Qué y desde dónde narrar.
Para Rodríguez, “si Alfonsín fue el hombre del juicio a las Juntas, Menem fue el hombre que le dijo a un militar que le dispare a otro. Menem hizo un desastre con lo que fue la herencia de Alfonsín, con los indultos por ejemplo, pero también la democracia tiene como una especie de segundo comienzo ese diciembre de 1990 (cuando reprimió el levantamiento Carapintada). Menem construye un orden civil superior al de Alfonsín: domestica a los militares, domestica el dólar y propone un modelo que fue la solución a la hiperinflación. También crea el veneno de la economía argentina, como la convertibilidad. Todo a la vez. Muy argentino esto de enamorarse del instrumento”, repasa.
Como al pasar y no quedar tan afuera de la convocatoria, Rodríguez citó “Vivir afuera”, una novela ineludible de Rodolfo Fogwill que sucede en el camino entre el conurbano bonaerense y Capital Federal. El texto revela esa parte de la sociedad que empieza a quedarse en el contorno del sistema que proponía consumir. Lectura recomendable, hoy más que nunca, para ratificar la fuerza de la literatura en contar la realidad. Leer puede ser una anticipación a lo que viene.
“El 2001 desbordó a la política. Rompió todos los protocolos. Rompió las plazas de los ‘80 y ‘90. La Marcha Blanca, la Carpa Blanca, la CGT de Ubaldini.

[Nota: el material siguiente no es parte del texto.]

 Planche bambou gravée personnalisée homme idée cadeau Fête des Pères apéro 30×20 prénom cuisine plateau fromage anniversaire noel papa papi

En el 2001 la gente empezó a ir a la plaza con lo que se le cantaba”, prologa Rodríguez, para pintar una segunda etapa democrática.

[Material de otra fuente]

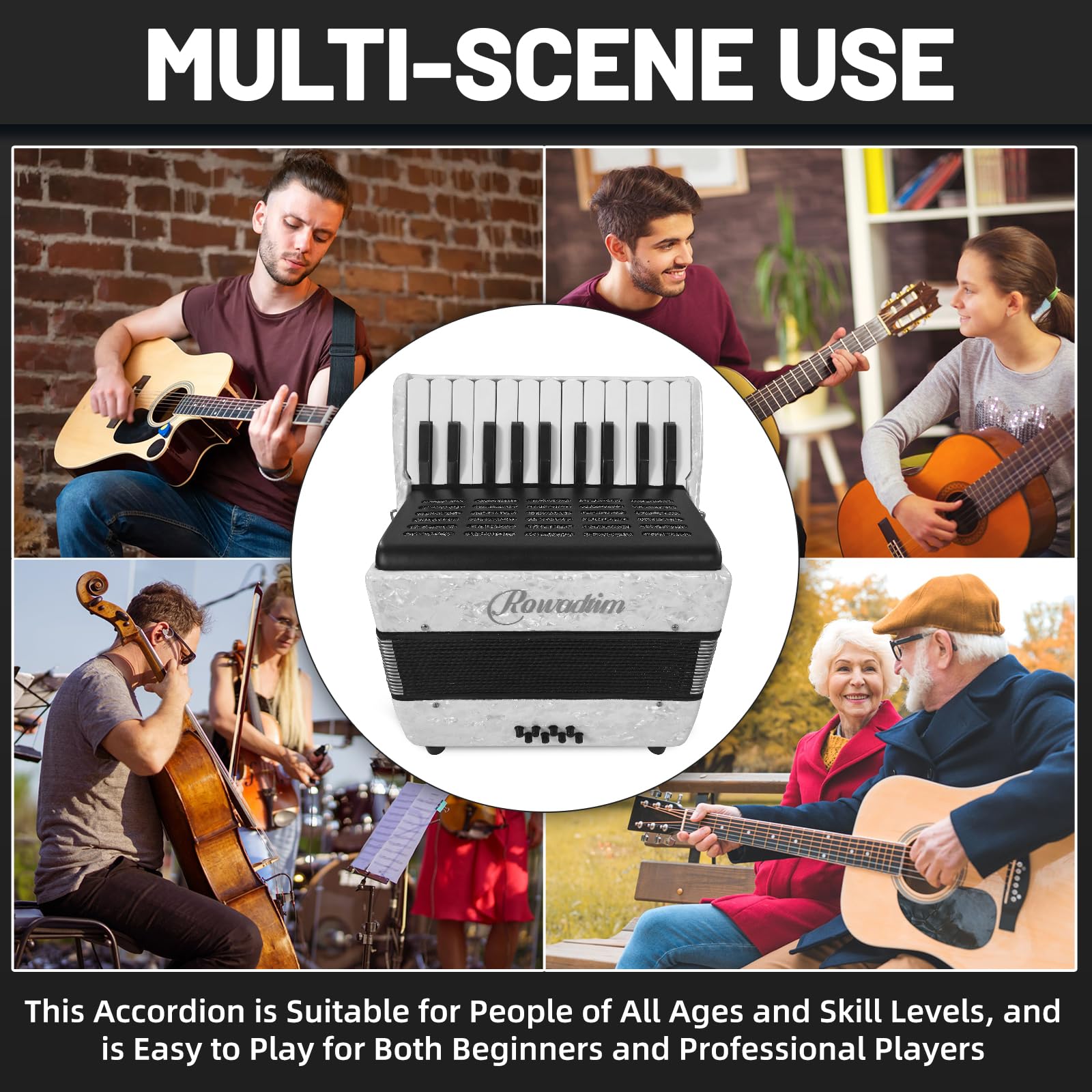 Acordeón - 22 Teclas 8 Bajos, Acordeón de Teclado - Imagen 8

“Están las plazas de los derechos humanos, de las organizaciones sociales, sindicales. Pero hoy conviven con otras plazas. El 2001 democratizó aún más la plaza pública. La clase media se mezcla con todo lo que antes llevaba solo la izquierda peronista, la izquierda radical, el PC. De pronto vemos la plaza de la patrona que arrastra a su mucama y al lado otro que se disfraza de dólar. Uno ve eso y tiene la necesidad de reclamar una aduana”, resume y subraya el fenómeno de la movilización por fuera de las organizaciones.

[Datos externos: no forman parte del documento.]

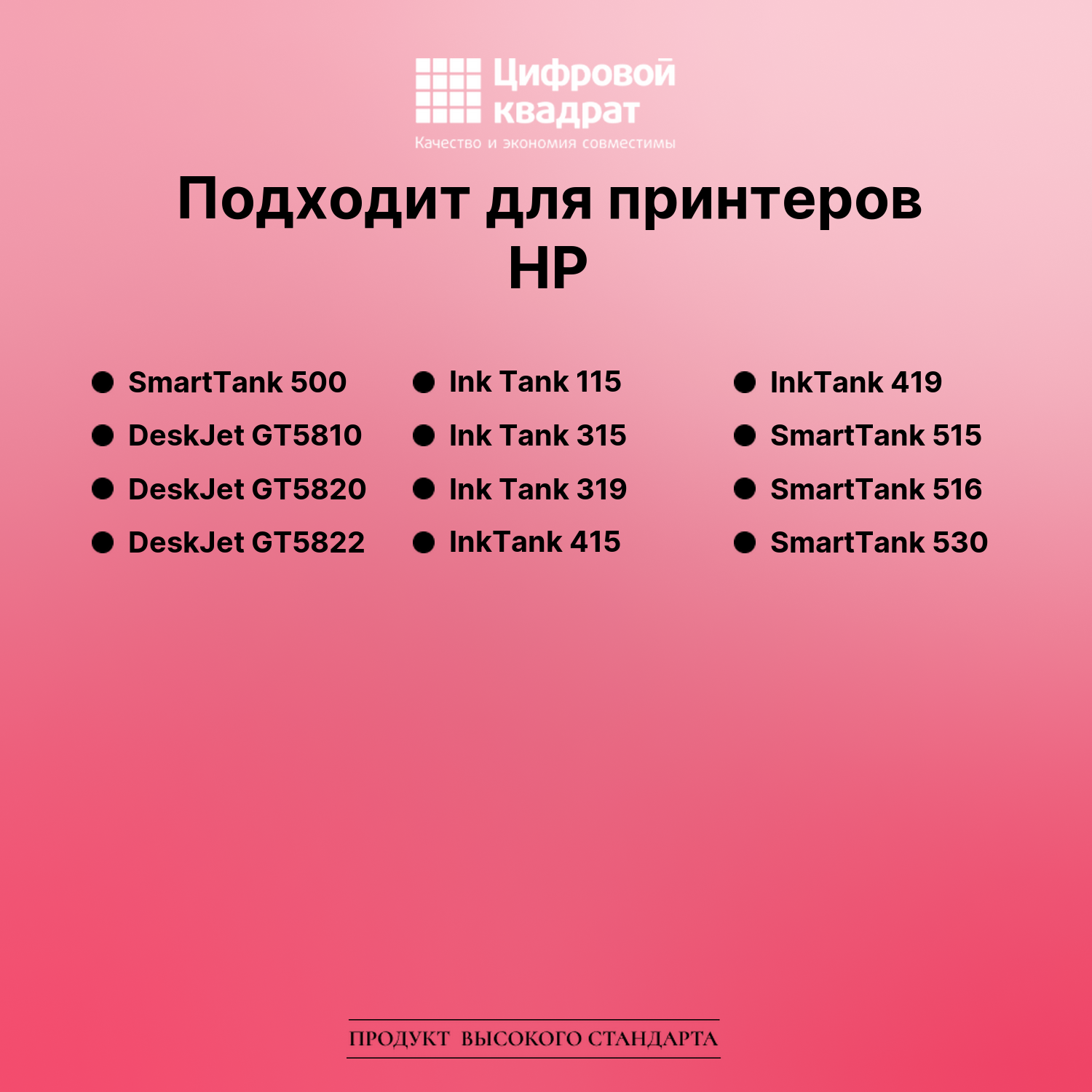 Чернила для HP SmartTank 500 совместимые 2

Para Rodríguez este reclamo de “cordón sanitario” en las entradas de las plazas delata narrativas poco claras: “Se escucha con facilidad que nos gobierna una vendedora de tortas. Quién es el Gorila, entonces. No te gustaba la Argentina plebeya. Todo se vuelve resbaladizo, quizás tenga que ser la literatura la que ordene”.
El periodista y escritor ve en Javier Milei un emergente, no “un objeto volador no identificado”. “No es necesario ir a buscar un libro de la editorial Siglo XXI en el que ocho intelectuales nos cuenten lo que pasó cuando estaban en el gobierno de Alberto Fernández papando moscas”, lanza, enojado, y uno está tentado en poner nombres y apellidos.
Rodríguez propone volver a los autores para “historizar la política” y “reflexionar con más aire y menos histeria”. “Milei y el Gordo Dan son parte de esa democratización que parte de 2001. Nos tiene que obligar a profundizar la imaginación”, asegura. Fin.